Les ultimes semaines de l’année liturgique* ne se contentent pas d’égrener les dernières minutes qui restent à vivre. Elles offrent une véritable pédagogie afin de saisir, alors que ces temps sont les derniers, comment le monde n’avance pas vers sa perte, mais vers la plénitude de la communion avec Dieu.

Certes le temps de pandémie, avec ses multiples conséquences humaines, économiques et sociales, peut donner à penser que le monde se disloque et se divise plus que jamais. Cependant, au milieu de ce fracas, surgit une invitation, toujours plus pressante, à la vigilance et à l’écoute de la venue du Seigneur. Voici l’époux ! Sortez à sa rencontre (Mt 25, 6).

Invitation paradoxale alors que nous voici, de nouveau, confinés !

Sortir ? Le terme biblique ne veut pas simplement désigner un déplacement physique, mais il possède une signification existentielle très ample.

C’est d’abord prendre le risque de quitter ses certitudes et son confort, sa tranquillité.

Ce n’est donc pas une fuite en avant, mais la manifestation de l’espérance dans laquelle nous avons été plongés au jour de notre baptême.

Enfin, sortir nous conduira vers ces prés d’herbe fraîche où le Seigneur sera le berger de confiance et paix. Ce n’est pas une promenade limitée géographiquement ou réduite à une méditation solitaire. L’itinéraire que les Écritures tracent est celui qui fera de chacun un membre du Peuple de Dieu, du Corps du Christ et un Temple de l’Esprit saint.

Alors, au terme du temps liturgique, la royauté du Christ se dévoile comme la réponse au trouble qui peut nous habiter devant les événements du monde, devant le manque de l’Eucharistie et du rassemblement ecclésial de la prière. Dit autrement, avec les mots de Mathieu l’évangéliste, cette royauté sera celle de la fraternité.
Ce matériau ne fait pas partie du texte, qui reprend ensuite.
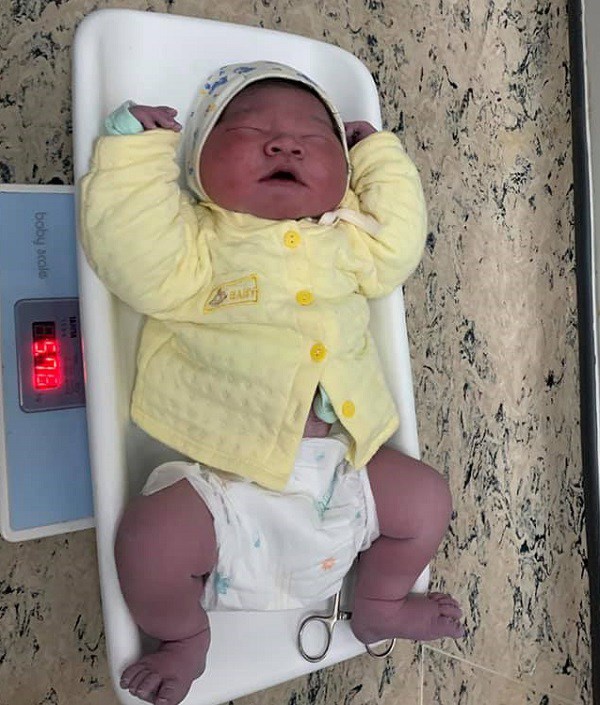 Mẹ Hà Nội U40 sinh con lần 4, khi em bé chào đời ai cũng bất ngờ về cân nặng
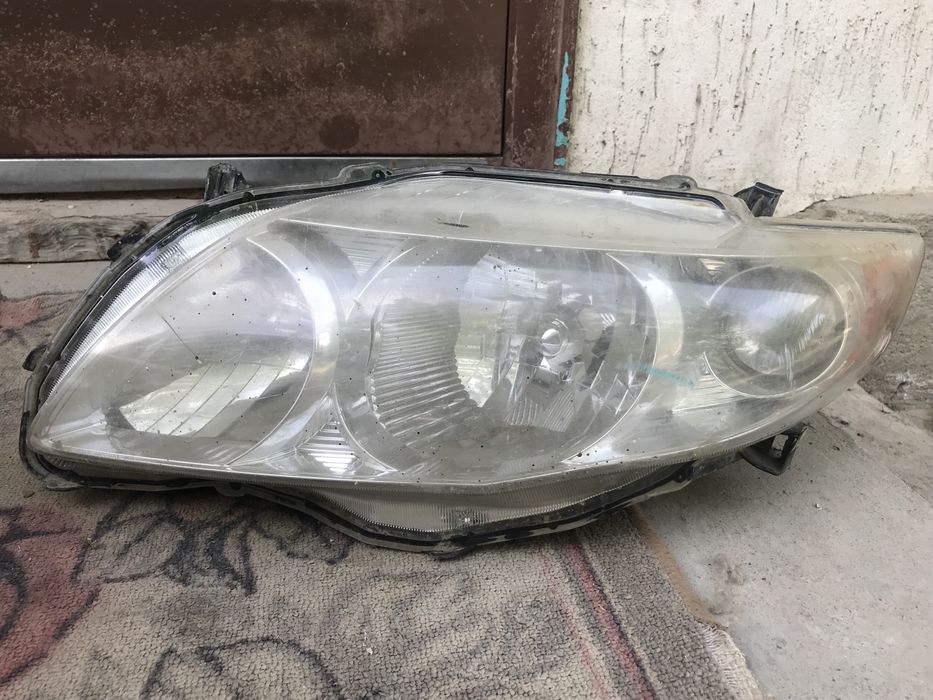 Продам фары Тойота каролла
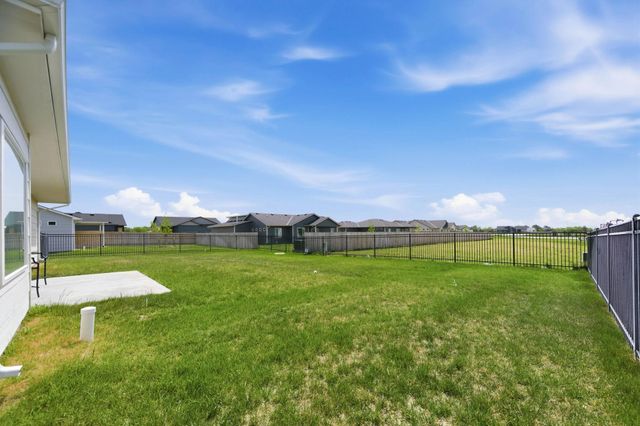 1017 Long Path St, Goddard, KS 67052
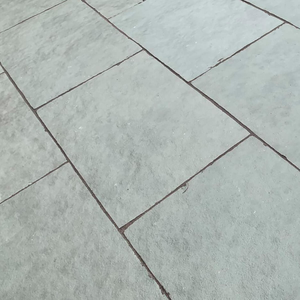 Picture of Paris Grey Limestone Calibrated Paving Slabs Picture of Paris Grey Limestone Calibrated Paving Slabs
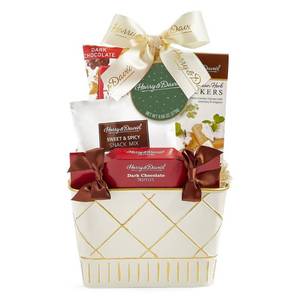 lot 4986 image: Harry & David Christmas Gift Basket - 9.86oz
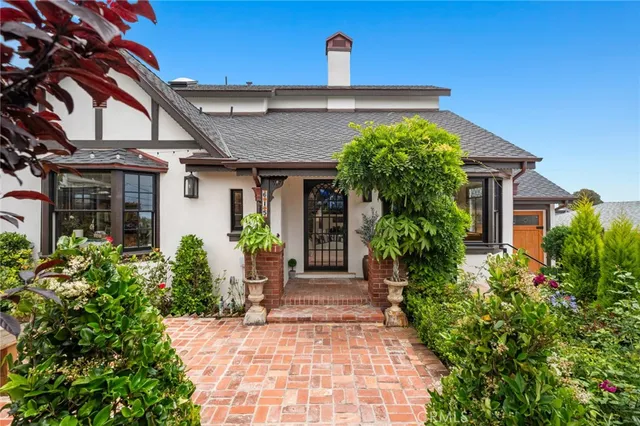 $3,680,000 | 615 Seaview Street, Laguna Beach, CA 92651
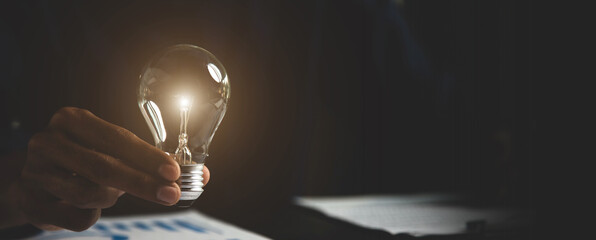 你爱的不是我,你心里还藏着谁,你爱的不是我,是否是我错了,是什么歌里的？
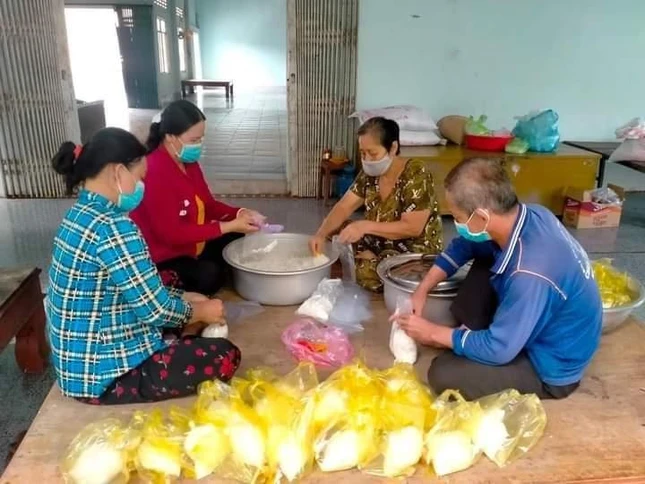 Phật tử chùa Tâm Thành hỗ trợ phân chia các phần cơm, thức ăn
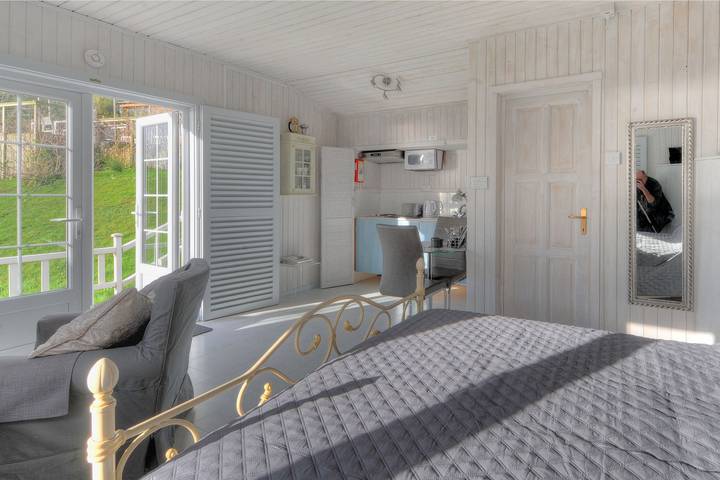 The Cabin in Lyme Regis, Dorset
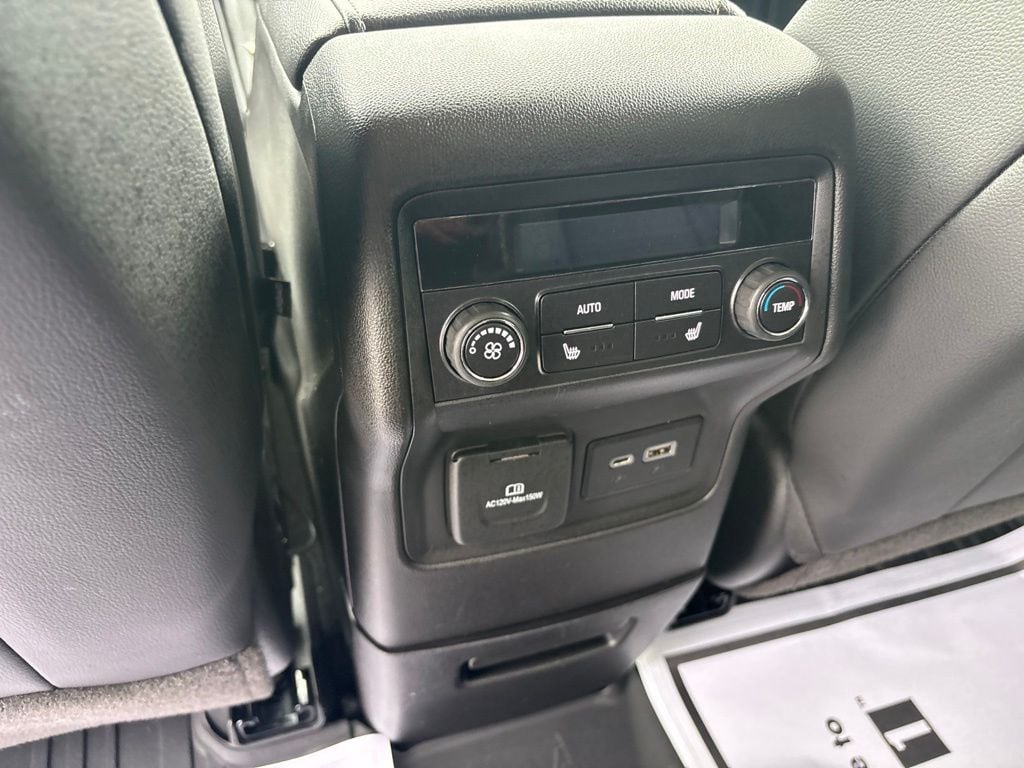 2023 GMC Acadia Denali - Photo 38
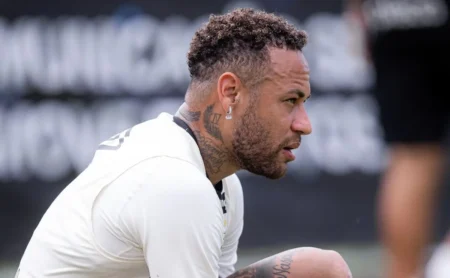 Santos define estratégia para possível retorno de Neymar, buscando minimizar expectativas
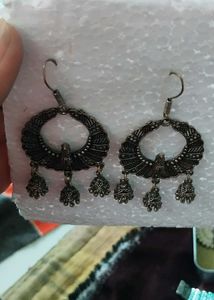 2 Set Of Earing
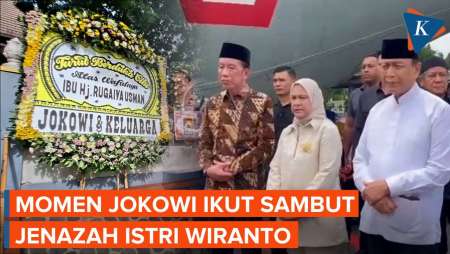 Momen Jokowi Ikut Sambut Kedatangan Jenazah Istri Wiranto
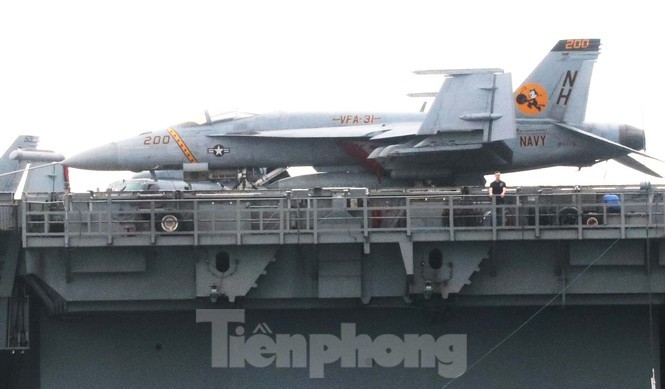 Choang ngop dan chien co dau san sat tren tau san bay USS Theodore Roosevelt-Hinh-7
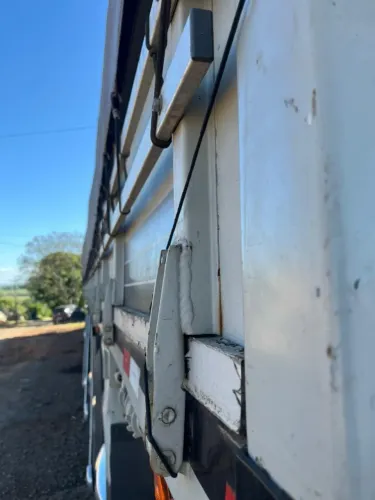 Caminhão engatado mais vendo separado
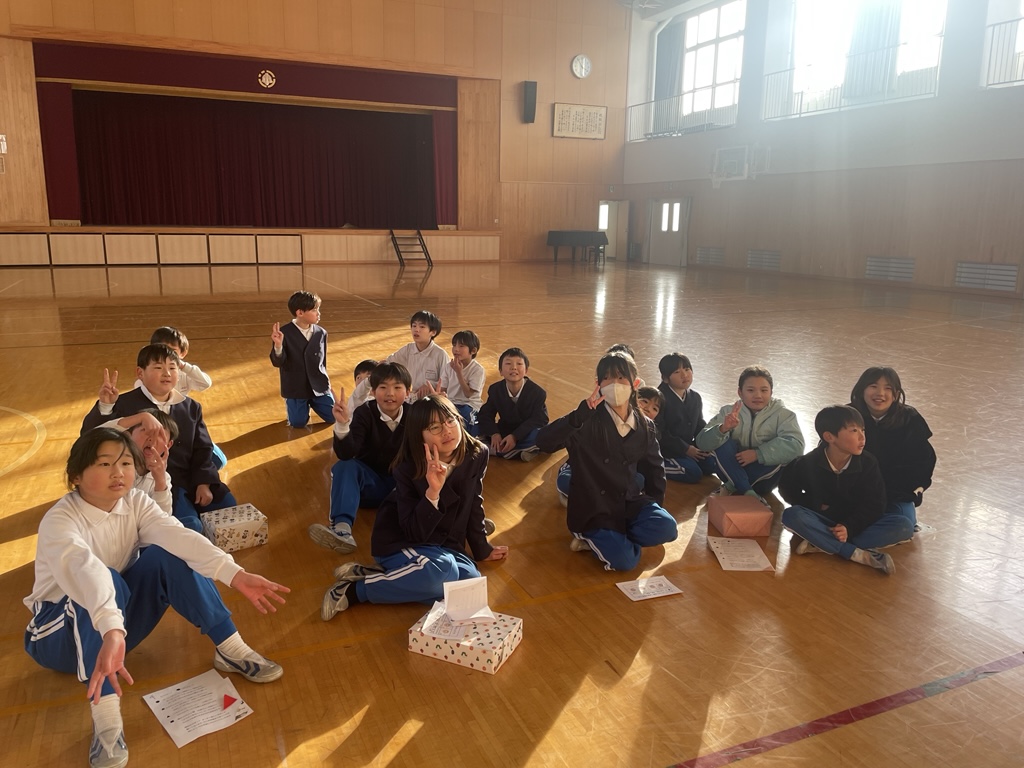 宝箱を見つけた子どもたち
Chaque fois que vous l’avez fait à l’un de ces plus petits de mes frères, c’est à moi que vous l’avez fait (Mt 25, 40).

La réponse au trouble ou au manque qui semble faire vaciller notre espérance et notre communion, c’est bien la fraternité. Elle devient la face visible de cette réalité invisible qu’est notre foi, et qui faisait écrire à François d’Assise la manière de la manifester dans l’aujourd’hui de notre vie :

« Seigneur, fais de moi un instrument de ta paix,

Là où est la haine, que je mette l’amour.

Là où est l’offense, que je mette le pardon.

Là où est la discorde, que je mette l’union.

Là où est l’erreur, que je mette la vérité.

Là où est le doute, que je mette la foi.

Là où est le désespoir, que je mette l’espérance.

Là où sont les ténèbres, que je mette la lumière.

Là où est la tristesse, que je mette la joie.

O Seigneur, que je ne cherche pas tant à

être consolé qu’à consoler,

à être compris qu’à comprendre,

à être aimé qu’à aimer.

Car c’est en se donnant qu’on reçoit,

c’est en s’oubliant qu’on se retrouve,

c’est en pardonnant qu’on est pardonné,

c’est en mourant qu’on ressuscite à l’éternelle vie. »

 

*Nouvelle année liturgique le dimanche 29 novembre avec l’entrée dans l’Avent.